§ What you are asked to do
The listing below is to be duplicated exactly, with every picture omitted.

§ Supplied material
'''
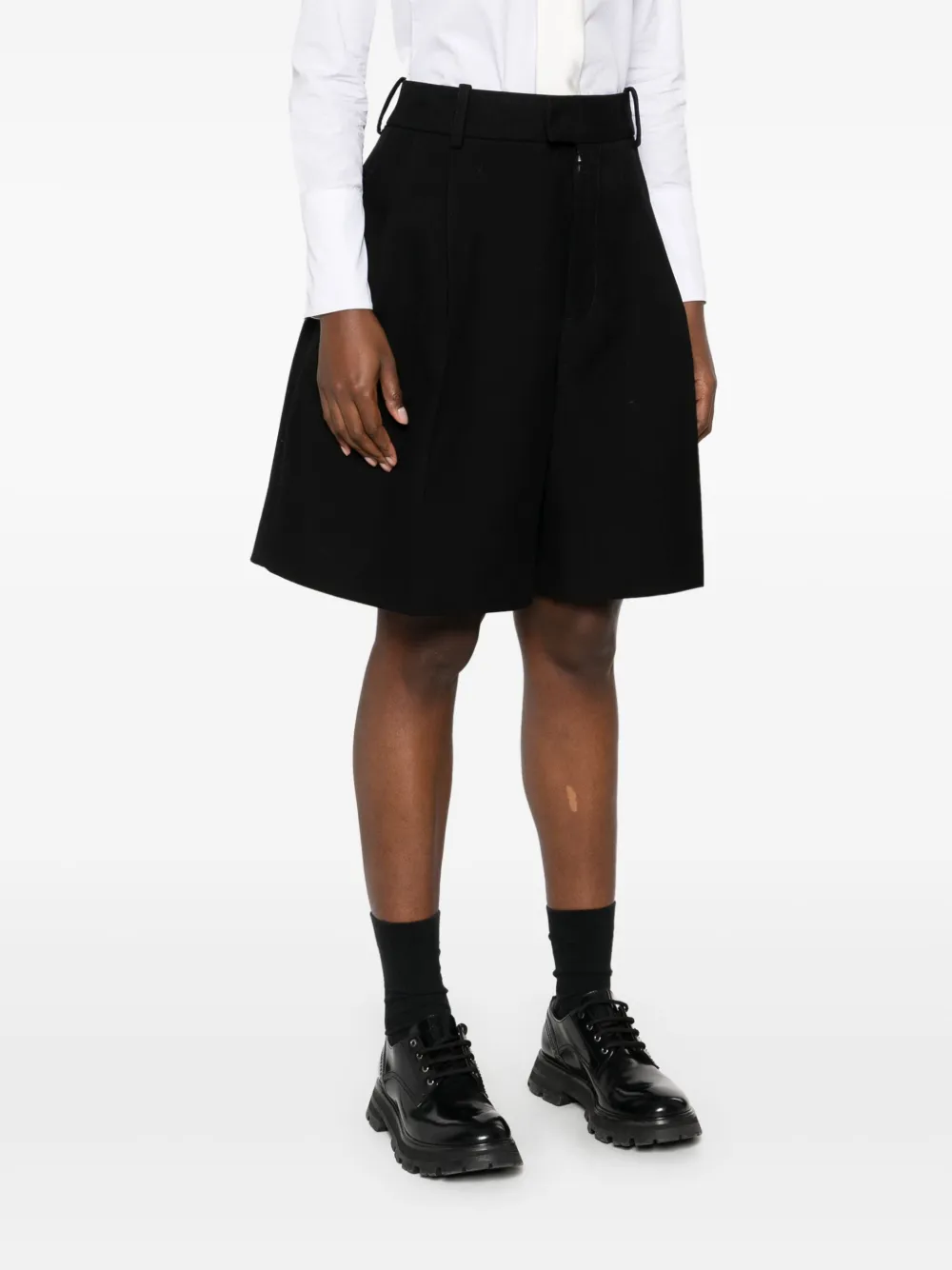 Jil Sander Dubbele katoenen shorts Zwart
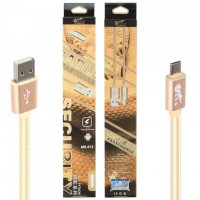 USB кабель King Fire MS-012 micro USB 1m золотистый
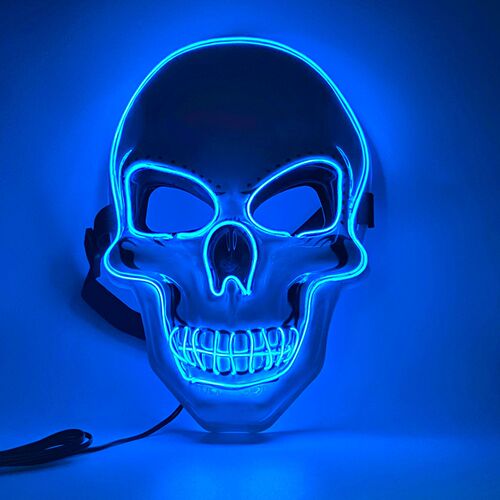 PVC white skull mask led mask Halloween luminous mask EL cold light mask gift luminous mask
'''
§ Response
 Jil Sander Dubbele katoenen shorts Zwart
 USB кабель King Fire MS-012 micro USB 1m золотистый
 PVC white skull mask led mask Halloween luminous mask EL cold light mask gift luminous mask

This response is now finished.